Late last month we saw the Financial Services Authority (FSA) announce its final details regarding the Mortgage Market Review (MMR). This includes the new rules it claims will put 'common sense' at the heart of the mortgage market, of which three are particularly relevant to the Equity Release Industry.  

First, lenders are no longer required to impose the state pension age onto borrowers. A lender can now base its assessment on the customer's actual expected retirement age, taking a common sense view, and with state pension age used as a default only if the actual retirement age is not known. With an increasing number of people opting to work beyond the age of retirement, this change ensures they retain the same opportunities as younger borrowers.

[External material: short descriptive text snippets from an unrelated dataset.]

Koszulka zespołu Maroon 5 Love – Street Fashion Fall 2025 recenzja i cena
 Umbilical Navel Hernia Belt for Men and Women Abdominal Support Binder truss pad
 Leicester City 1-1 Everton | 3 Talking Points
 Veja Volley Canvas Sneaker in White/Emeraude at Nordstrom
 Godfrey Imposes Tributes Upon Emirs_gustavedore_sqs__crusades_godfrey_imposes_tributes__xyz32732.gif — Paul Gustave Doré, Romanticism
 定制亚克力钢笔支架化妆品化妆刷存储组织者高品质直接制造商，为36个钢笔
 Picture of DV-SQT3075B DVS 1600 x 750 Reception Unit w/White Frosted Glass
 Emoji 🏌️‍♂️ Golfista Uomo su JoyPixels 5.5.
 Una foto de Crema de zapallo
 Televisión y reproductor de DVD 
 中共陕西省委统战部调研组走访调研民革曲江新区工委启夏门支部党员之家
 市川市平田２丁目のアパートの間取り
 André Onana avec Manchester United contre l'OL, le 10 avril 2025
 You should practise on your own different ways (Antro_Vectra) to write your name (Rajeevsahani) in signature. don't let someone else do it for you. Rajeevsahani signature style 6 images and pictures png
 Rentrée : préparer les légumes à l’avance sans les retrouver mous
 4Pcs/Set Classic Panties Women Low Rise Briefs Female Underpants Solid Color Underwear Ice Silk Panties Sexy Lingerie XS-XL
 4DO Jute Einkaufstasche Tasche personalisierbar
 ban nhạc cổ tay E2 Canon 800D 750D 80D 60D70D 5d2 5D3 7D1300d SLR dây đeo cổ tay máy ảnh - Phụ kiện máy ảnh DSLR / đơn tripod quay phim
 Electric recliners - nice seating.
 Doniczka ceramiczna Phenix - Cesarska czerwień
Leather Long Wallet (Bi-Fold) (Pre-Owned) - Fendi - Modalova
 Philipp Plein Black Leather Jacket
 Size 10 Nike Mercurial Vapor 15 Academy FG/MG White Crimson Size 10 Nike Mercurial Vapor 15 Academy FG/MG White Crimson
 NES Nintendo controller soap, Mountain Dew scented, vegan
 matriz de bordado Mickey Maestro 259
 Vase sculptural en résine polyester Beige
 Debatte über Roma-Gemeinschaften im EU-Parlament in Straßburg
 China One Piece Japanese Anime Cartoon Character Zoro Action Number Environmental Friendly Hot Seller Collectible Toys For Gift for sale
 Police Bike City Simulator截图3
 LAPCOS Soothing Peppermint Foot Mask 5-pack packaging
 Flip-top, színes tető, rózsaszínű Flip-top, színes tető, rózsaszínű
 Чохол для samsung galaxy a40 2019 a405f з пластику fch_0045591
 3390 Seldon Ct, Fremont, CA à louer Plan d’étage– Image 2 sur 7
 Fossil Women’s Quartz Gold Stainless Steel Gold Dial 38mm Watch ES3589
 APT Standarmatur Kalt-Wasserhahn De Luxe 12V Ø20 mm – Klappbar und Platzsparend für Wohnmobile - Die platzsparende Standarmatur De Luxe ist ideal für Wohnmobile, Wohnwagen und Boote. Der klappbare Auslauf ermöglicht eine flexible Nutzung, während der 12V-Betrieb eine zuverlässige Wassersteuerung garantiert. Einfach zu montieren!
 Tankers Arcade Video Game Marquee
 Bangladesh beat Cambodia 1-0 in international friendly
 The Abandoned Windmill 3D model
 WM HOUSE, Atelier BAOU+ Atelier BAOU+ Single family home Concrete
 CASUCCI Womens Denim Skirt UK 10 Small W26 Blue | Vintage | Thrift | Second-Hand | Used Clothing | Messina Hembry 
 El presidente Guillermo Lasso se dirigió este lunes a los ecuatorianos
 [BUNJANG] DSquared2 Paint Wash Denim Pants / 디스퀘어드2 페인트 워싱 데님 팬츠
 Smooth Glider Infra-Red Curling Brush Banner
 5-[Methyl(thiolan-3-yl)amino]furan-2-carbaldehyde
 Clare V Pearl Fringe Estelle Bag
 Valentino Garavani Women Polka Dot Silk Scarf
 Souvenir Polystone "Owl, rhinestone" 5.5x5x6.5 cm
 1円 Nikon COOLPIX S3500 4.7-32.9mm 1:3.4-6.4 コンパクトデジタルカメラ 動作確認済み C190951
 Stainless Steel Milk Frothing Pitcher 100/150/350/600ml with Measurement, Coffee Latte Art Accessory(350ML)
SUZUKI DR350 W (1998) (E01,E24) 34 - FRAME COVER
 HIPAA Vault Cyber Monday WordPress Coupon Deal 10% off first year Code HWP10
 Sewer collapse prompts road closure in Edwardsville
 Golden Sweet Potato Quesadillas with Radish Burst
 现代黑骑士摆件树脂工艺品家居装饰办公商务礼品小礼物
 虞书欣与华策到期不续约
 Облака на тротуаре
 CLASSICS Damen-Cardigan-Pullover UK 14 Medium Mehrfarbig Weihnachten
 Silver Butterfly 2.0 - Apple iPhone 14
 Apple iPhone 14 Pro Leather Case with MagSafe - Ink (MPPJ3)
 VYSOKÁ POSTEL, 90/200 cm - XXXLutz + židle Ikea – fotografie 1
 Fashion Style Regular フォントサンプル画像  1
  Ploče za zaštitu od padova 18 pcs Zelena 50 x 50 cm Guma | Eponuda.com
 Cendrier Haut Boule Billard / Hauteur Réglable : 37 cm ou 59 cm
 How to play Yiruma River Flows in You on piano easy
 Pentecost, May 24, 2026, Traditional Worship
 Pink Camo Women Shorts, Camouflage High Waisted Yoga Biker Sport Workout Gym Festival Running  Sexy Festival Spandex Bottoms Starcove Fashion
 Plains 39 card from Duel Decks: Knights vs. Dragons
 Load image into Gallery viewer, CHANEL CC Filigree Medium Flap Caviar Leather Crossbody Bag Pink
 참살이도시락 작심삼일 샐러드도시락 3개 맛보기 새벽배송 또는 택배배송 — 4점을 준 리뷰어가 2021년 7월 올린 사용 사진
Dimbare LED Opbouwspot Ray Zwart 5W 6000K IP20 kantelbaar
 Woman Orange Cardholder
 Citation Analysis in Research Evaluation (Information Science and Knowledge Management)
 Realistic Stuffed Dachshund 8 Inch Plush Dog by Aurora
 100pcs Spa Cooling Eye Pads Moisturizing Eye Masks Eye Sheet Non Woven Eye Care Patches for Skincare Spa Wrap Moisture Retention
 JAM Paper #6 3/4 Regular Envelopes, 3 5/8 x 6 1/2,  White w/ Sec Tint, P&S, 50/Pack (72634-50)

Second under the new rules "there is no reason why older customers cannot obtain a mortgage", and no age limits to prevent lending to older consumers. Similarly, this will aid the eradication of age discrimination against borrowers. Together these rulings may mean we end up with more borrowers carrying more mortgage debt into retirement, which could result in more people looking to equity release once they eventually stop working.

Third, all equity release customers must go through an advised-sale process even if they then choose to go down the execution-only route. Although, the MMR also noted: "Due to the high standards imposed by the trade body we do not expect many equity release sales to be execution-only".

As part of its high standards, the Equity Release Council's Code of Conduct insists all lenders give customers the right to an independent solicitor of their own choice to conduct their legal work. Before choosing an equity release plan it is vital people take independent legal advice from a solicitor who fully understands the market, as they will only sign a certificate to say their client fully understands the risks and benefits of the plan once they are fully satisfied this is the case.

As such ERSA fully supports Andrea Rozario, the Director General of The Equity Release Council, who issued a statement saying that with regard to changes for the equity release market the MMR announcement is excellent news, adding the Council is delighted the FSA has listened to the industry and has enhanced the clear provider guidelines. 

With a rapidly aging population, the equity release market is likely to continue to grow in the future and the MMR will help ensure this process is in the best interests of all those who take out products. Although many of the rules set out by the MMR were already in practice in the industry prior to the announcement, the official seal of approval will hardwire these into the system and help publicise how the system ensures it is the right decision for borrowers. Overall, we believe MMR marks a very definite step in the right direction.